There’s no such thing as bad linen. But there is linen that isn’t worth the price — and linen that’s worth every penny. How can you tell the difference?
The question sounds simple, but it isn’t. Linen is one of the few materials where first impressions can be deceiving. New linen feels stiff — whether it’s made from the finest long fibres or cheap short fibres. The difference only becomes apparent after months, sometimes even years. And that is precisely the problem: anyone buying linen without knowing the quality characteristics is paying today for a promise that will only be fulfilled tomorrow — or perhaps not at all.
This article sets out five criteria to help you identify good linen before you buy. It also uses a real-life example to show what happens when a weaving mill has been doing everything right for over 165 years.
First criterion: Where does the fibre come from?
The quality of a linen fabric does not begin in the weaving mill. It begins in the field.
Fibre flax is a demanding plant. It requires a humid, mild maritime climate, deep soil and a growing period of exactly one hundred days. The best growing regions are therefore found in a narrow strip of Western Europe: Normandy, Flanders and the Netherlands. This is where long-fibre flax grows, from which the finest linen yarns are spun — fibres eight to ten centimetres long, uniform, supple, with the strength that gives linen its durability.
Cheaper flax from other regions produces shorter, more irregular fibres. The fabric made from it creases more haphazardly, feels coarser and wears out more quickly. You won’t notice this on the first day. But you will after the twentieth wash.

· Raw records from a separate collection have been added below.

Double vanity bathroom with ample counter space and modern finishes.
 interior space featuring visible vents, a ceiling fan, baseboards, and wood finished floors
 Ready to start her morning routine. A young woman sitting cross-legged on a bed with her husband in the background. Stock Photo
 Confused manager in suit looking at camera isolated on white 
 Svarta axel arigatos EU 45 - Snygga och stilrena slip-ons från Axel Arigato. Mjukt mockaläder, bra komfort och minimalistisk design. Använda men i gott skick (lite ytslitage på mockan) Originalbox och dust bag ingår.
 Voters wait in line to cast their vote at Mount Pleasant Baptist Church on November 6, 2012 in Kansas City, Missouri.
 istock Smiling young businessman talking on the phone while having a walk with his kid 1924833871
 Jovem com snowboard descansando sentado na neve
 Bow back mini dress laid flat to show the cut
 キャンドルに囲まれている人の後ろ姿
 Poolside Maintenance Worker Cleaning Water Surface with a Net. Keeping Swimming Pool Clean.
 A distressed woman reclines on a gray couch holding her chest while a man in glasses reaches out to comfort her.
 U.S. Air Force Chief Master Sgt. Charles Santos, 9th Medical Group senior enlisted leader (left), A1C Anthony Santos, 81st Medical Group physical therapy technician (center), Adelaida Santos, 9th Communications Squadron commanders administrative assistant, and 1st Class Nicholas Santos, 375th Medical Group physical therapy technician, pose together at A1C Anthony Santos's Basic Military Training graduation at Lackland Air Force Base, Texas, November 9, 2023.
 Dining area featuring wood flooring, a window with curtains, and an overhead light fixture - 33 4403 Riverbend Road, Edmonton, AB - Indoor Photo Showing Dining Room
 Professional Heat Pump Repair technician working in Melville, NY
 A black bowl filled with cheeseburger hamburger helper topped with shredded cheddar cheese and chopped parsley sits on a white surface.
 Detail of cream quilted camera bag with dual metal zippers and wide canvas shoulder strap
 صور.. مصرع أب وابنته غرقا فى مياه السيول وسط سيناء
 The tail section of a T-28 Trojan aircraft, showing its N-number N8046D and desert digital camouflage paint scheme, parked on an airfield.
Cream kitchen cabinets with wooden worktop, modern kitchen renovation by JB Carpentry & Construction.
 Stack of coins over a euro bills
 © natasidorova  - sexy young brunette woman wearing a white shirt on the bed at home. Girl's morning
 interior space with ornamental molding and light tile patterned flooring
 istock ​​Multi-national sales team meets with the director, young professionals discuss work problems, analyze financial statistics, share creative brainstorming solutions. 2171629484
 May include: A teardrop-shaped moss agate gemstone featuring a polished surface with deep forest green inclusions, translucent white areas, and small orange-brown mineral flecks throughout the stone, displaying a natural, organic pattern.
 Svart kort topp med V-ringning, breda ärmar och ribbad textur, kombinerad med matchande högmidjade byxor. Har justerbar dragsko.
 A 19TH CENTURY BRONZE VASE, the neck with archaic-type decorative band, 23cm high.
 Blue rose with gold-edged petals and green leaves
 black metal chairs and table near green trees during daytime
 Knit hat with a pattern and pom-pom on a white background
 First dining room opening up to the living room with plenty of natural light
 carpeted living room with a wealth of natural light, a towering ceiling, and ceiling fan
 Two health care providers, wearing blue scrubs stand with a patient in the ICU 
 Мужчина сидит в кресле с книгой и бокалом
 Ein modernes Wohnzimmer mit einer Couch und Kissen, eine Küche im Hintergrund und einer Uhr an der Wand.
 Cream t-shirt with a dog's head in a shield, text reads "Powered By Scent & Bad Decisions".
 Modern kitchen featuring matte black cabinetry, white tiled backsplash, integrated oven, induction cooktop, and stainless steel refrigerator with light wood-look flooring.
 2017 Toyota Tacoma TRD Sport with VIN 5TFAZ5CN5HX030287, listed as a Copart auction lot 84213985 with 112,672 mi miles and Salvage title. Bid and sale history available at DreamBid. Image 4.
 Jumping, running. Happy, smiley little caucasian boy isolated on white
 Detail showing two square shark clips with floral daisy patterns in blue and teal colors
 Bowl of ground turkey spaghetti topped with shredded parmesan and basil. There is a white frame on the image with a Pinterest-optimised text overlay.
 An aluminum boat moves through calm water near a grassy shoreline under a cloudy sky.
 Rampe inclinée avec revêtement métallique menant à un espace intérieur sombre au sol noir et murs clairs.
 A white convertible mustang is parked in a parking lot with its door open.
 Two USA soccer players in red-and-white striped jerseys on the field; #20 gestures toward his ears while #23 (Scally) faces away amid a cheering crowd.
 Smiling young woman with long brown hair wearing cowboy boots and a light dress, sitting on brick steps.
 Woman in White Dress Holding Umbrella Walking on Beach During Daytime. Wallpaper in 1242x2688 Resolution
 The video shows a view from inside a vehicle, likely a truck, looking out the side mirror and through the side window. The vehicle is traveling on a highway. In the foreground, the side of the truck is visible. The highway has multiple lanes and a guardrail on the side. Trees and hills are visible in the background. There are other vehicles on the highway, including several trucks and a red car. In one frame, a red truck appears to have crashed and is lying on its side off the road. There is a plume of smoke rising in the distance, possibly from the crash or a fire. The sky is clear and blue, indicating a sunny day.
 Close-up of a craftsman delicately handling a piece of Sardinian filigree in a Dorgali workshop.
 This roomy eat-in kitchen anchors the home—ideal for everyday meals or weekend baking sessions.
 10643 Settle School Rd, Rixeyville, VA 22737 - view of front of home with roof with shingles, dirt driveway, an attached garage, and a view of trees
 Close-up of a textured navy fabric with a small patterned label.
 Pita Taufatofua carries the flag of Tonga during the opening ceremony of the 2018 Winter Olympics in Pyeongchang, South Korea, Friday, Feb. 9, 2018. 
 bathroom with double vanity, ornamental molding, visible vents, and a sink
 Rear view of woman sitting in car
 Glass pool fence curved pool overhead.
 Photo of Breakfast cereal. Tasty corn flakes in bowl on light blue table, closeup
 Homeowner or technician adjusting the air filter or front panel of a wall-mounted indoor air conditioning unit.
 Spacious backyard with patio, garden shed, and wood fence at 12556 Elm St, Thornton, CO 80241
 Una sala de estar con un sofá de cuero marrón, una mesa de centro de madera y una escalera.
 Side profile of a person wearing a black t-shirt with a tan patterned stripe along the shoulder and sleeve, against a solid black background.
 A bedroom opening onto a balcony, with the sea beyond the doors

The European Flax® label guarantees that the flax comes from Western Europe and has been field-roasted. However, it does not indicate where the fibre was processed — the spinning process, which determines the fineness of the yarn, may still have taken place in Asia.
Second criterion: How was the yarn spun?
There are two methods for making yarn from flax fibres, and they produce radically different results.
In wet spinning, the fibres are passed through a hot water bath before being drawn and twisted. The water softens the pectin layer of the fibre, allowing the fibres to slide against one another — the result is a smooth, fine, even yarn with a natural lustre. It is the process that has characterised European linen for centuries.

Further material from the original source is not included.